Government to raise utility tariffs ahead of elections
According to the government’s plan, utility tariffs for the population will double in 2014, and quadruple in 2015 , while wages will increase only by 3% annually. However, fearing rising tension in society, the government may not stick to the plan.
On January 1st, 2014 utility tariffs for the population rose by an average of 16%, more than the annual threshold for increase in utility tariffs (USD 5) set by the President.
The population will only ‘feel’ the change in early February, when they receive their utility bills. Utility tariffs do not differ much by region, except for lift-usage tariff.
Official statistics says that utility costs make up about 10% of a household budget. In addition, the population pays only about 15% of their real costs. According to the government plan, which aims to increase the population’s share, in 2014 the population will pay 30% of utility costs and in 2015 - 60%. Thus, In 2014, utility tariffs for the population will double, while their wages will increase only by 3%.

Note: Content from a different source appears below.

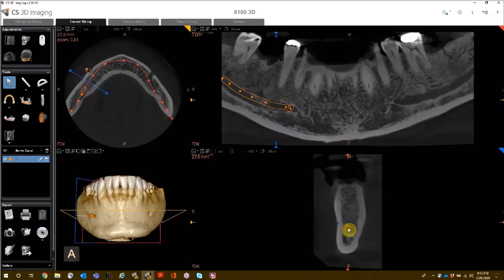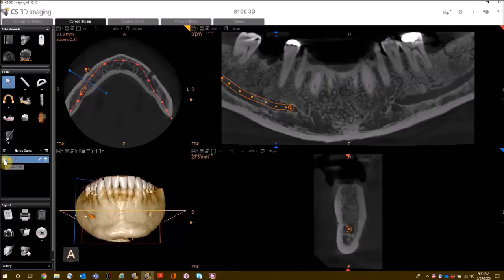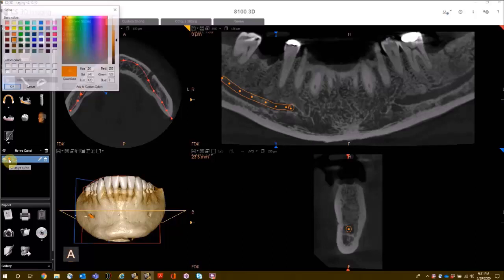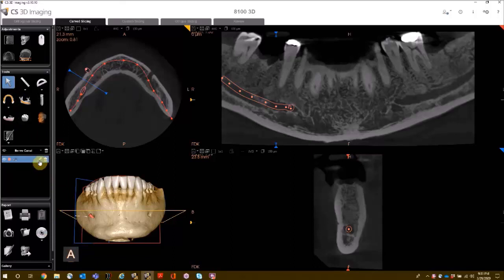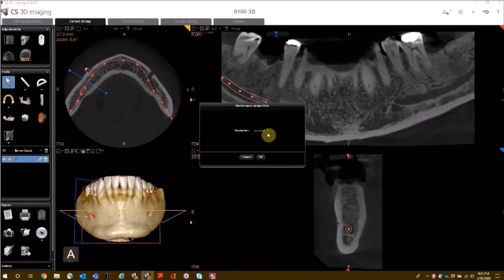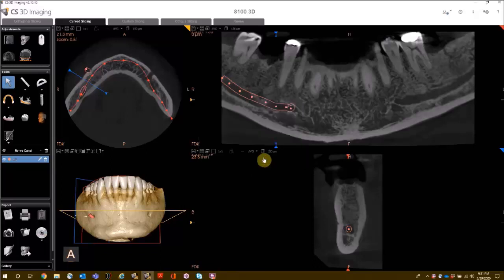If the control points are not correctly placed, you can grab the center circle and simply move it over. Your options for the nerve canal include show or hide the nerve canal, change the color, and change the diameter — the default is 2.5 millimeters. If you are not pleased with your nerve trace, you can delete it by clicking on the trash can.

According to preliminary estimates, by the year-end, a family of three occupying a one-bedroom apartment will pay circa USD 50 for their monthly utility services; now it pays circa USD 25.
One of the reasons why the government is raising utility tariffs is that it intends to abandon cross- subsidisation. Today, industrial enterprises compensate for the population’s underpayment. Electricity tariffs for industrial enterprises are several times higher than for the population. The government wants to stop this cross-subsidisation in electric-power industry in 2014, and in the thermal-power industry in 2015.
Despite higher tariffs, the quality of utility services is not improving, and municipal sector remains the most criticised of all sectors by the population. The state has retained the monopoly on the utility services market.